「ねぇねぇ玲央、今日ハロウィンって知ってた?」
屋上のフェンスに寄り掛かる玲央は、私の言葉に顔をあげた。
「あぁ、そういえば駅前でお菓子配ってたわね」
「良い日だよね。お菓子もらい放題」
まだ食べるつもりなの、と食べかけのお弁当を横目に呆れられたけど、甘いものは別腹って言うじゃない。今日は朝からクラスでお菓子を交換したり、恋人にお菓子をせがんだり、学校全体が浮足立っていた。バレンタインみたいに変な感情が入らないぶん、みんなが素直に楽しめてる気がする。
「てことで、トリックオアトリート」
「……」
「ちょっとーノリ悪いー」
玲央はお昼ご飯のサラダをつつきながら、顔をしかめた。
「そんなに言うならなんかないの?魔女のコスプレとか」
「しないよ。恥ずかしい」
「なによ、テンション上がんないわね」
「そこら辺の男子みたいなこと言わないでよ…」
「私もそこら辺の男子よ」
渋々、といった感じで玲央は制服のポケットを探って、何かを取り出した。一口大のホワイトチョコだ。小さいながら可愛いらしいラッピングがされていて、乙女心がよくわかってるなと思う。でも、
「それ駅前で配ってたやつじゃん」
「これしかないわ」
「…じゃあいいよそれで。はい、トリックオアトリート」
せっかくのハロウィンにそこらで配ってたお菓子なんて、なんとも味気ないけど、貰えるものは貰っておく主義。それにチョコレートは好きだし。
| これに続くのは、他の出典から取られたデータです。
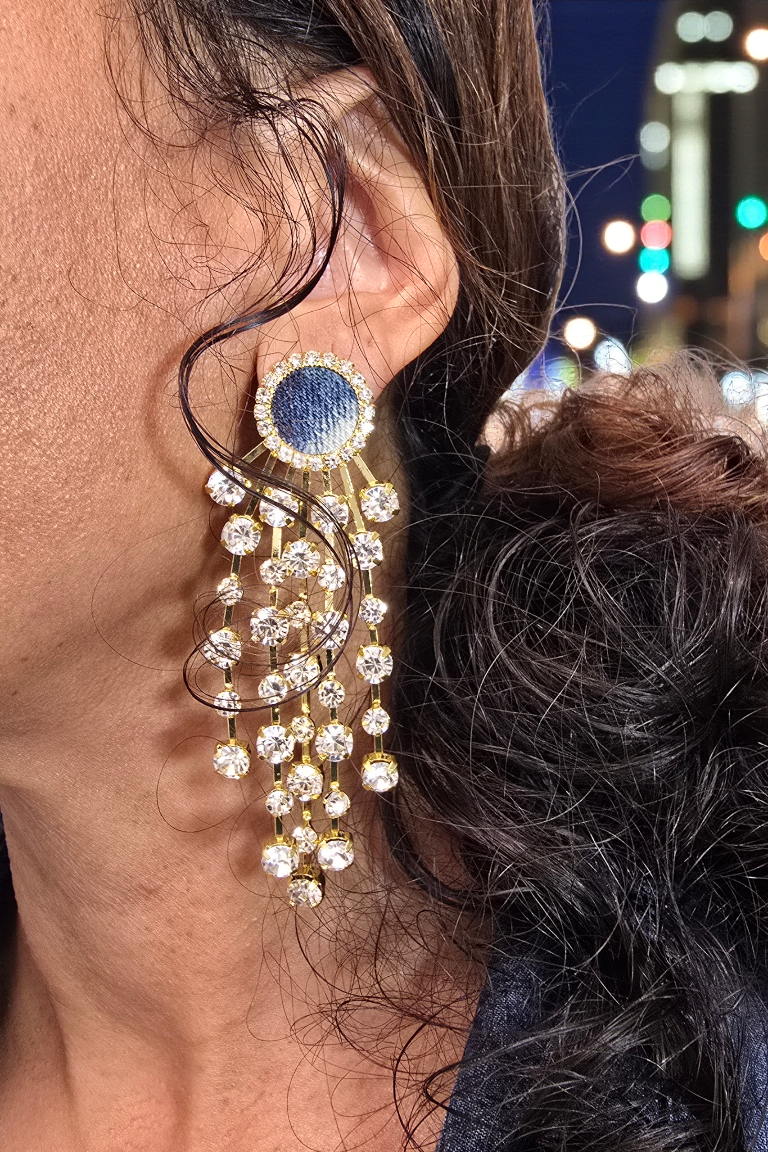 Denim jean round rhinestone post Tassel Earrings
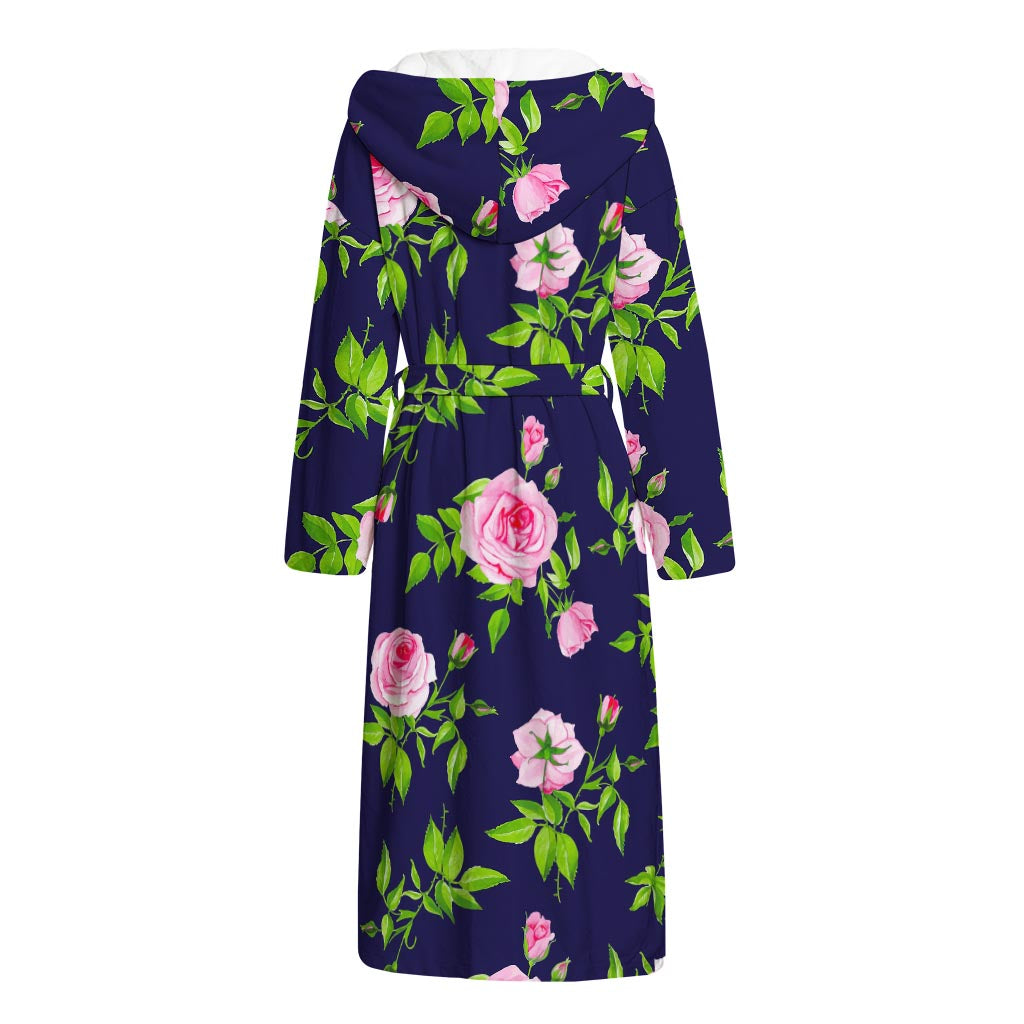 Pink Rose Floral Flower Pattern Print Hooded Bathrobe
私が大人しくトリートを待っていると、玲央は手の平でホワイトチョコを転がして、ちょっと考えるような顔をした。
「…これって、両方じゃだめなの?」
「どういうこと」
「トリックと、トリート、両方」
そう言うと小さなチョコを口に含んで、そのまま私に口づけた。
頭が状況を理解するのを待たず、溶けたチョコの甘さが舌を伝って口全体に広がっていく。捩込まれた甘さと、舌の熱さに頭がくらくらする。
そして小さなチョコが全て溶け切ると、ゆっくりと唇が離れていった。
「いたずら、しちゃった」
真っ赤になってるであろう私を見下ろして、この余裕の表情。
「ば、ばか。私がされちゃだめじゃん」
「あら、ごめんなさいね」
「誰か来たらどうするのよ」
「それは大丈夫」
玲央は何事もなかったかのように私から離れて、またサラダを食べ始めた。
「屋上の鍵閉めといたから」
こいつ、最初からこのつもりだったな。